ベルナデッタ・マツザクの《Libera me》(1991年)は、やや異なる創作体験の例である。1992年にMarek Zwyrzykowskiによって行われたラジオのインタビューで、作曲家は「並外れた電子効果」を発見するつもりはなかったと述べ、その代わりに作品の「表現層」に焦点を当てたと述べている。PRESのタデウシュ・スドニクの協力を得て、正教会の賛美歌「Święty Boże, Święty Mocny(聖なる神、聖なる力、聖なる不滅)」のポーランド語版の特徴的なメロディーをLibera Meに取り入れ、湾岸戦争時の米国の介入に対抗して爆発音と楽器演奏の録音を組み合わせました。

エウゲニウシュ・ルドニクは、PRESと最も強く結びついた作曲家でありサウンドエンジニアであるが、「エピタフ・フォー・ストーンズ」(1984)は、労働組合・反共産主義運動「連帯」に関わったポーランド人ローマカトリック牧師で、保安庁に殺されたイエジー・ポピエウシコへ捧げたものである。また、1962年にルドニックからスタジオを引き継いだボフダン・マズレクの作品「Canti」(1973年)も収録されています。

また、前述の通り、ヴウォジミエシュ・コトニスキの代表的なコンクリートエチュード「Study for One Cymbal Stroke」は、中型トルコシンバル1ストロークを素材にした作品で、ポーランドにおける実験音楽の発展の重要な出発点とも言われています。そして、ボグスワフ・シェーファーの交響曲の2つの演奏が収録されています。ボフダン・マズレクによる最初の演奏(1966年)は作曲者のスコアに非常に近く、ウォルフラムによる現代版(2001年)はより自由な創作がなされています。

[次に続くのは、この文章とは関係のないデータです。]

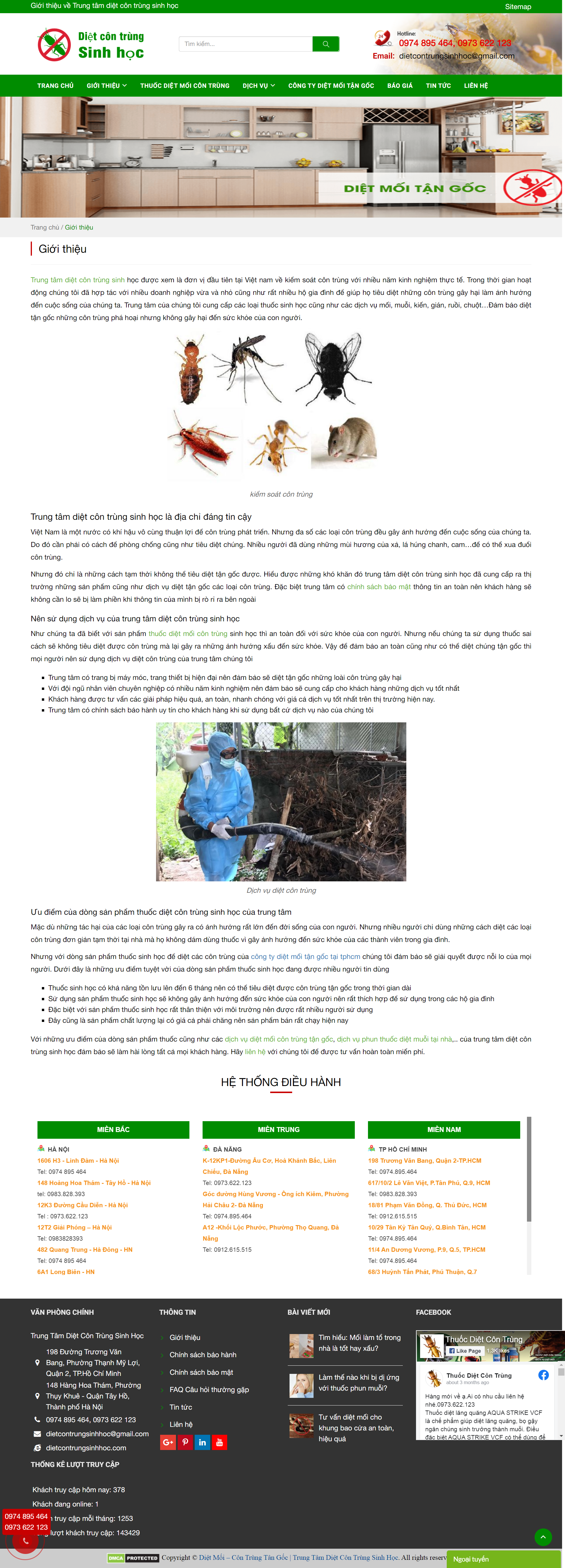 Thiết kế Web dịch vụ diệt côn trùng dietcontrungsinhhoc.com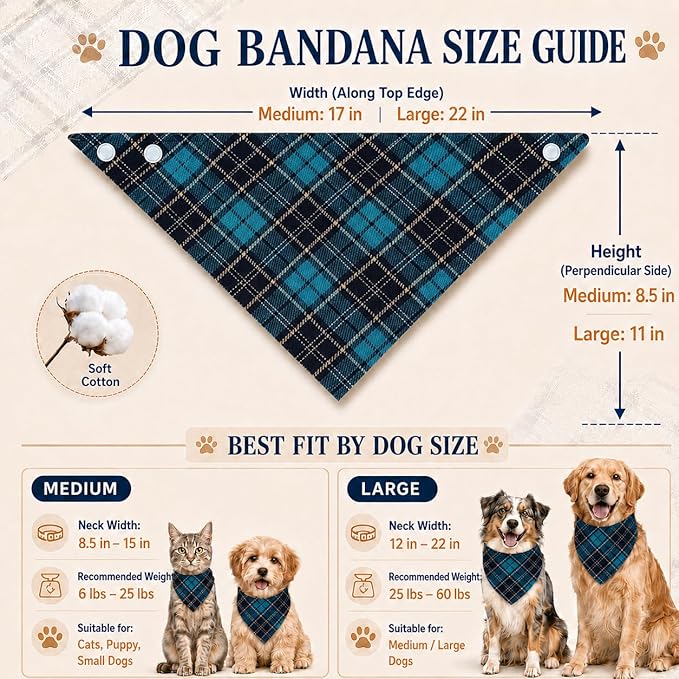 Dual Layer Green Plaid Dog Bandana - Image 2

シェーファーは、自身の代表作に関する文章の中で、「もともと非常に精密な作品に、解釈という要素を入れることにした」と述べ、要素の移り変わりの重要性を強調している。「音楽の発展は、個々の要素がその機能の階層を変化させることにある」。確かに、クーリックの力強い映像や、本作に収録されているほとんどのサウンド作品には、ヒエラルキーの変化への関心が存在しているように思われる。ポーランド放送がエウゲニウシュ・ルドニクを指名して、ソ連の保守的な作曲家一行にPRESの技術力を紹介したところ、苦い返事が返ってきたという。「逆から演奏しても同じように悪い音になるのか」と硬直した作曲家たちはルドニックに尋ねた。ルドニックの答えは、最初から最後まで、あるいは最初から最後まで、異なる速度で、また左右のチャンネル配分を変えて演奏できるマルチヴァージョン作品、『スカラリ』(1966年)であった。このモジュールの開放性は、キューリックのイメージにある空のシートを思い起こさせる。どのような文脈であれ,都市の硬質なモニュメントの中にあるその静的な空虚さは,権力者が考えていたのとは異なる現実のための空間を作り出すのである.この時、彼女は見ること、聞くことのプロセスが現実そのものの中心であると理解し、それによって伝統的な形式や宗教的・政治的権力の硬直性を打ち砕いたのです。「私は、静物であるモノは決して現実にはならない、それを見るプロセスにおいてのみ可能だと考えたのです」。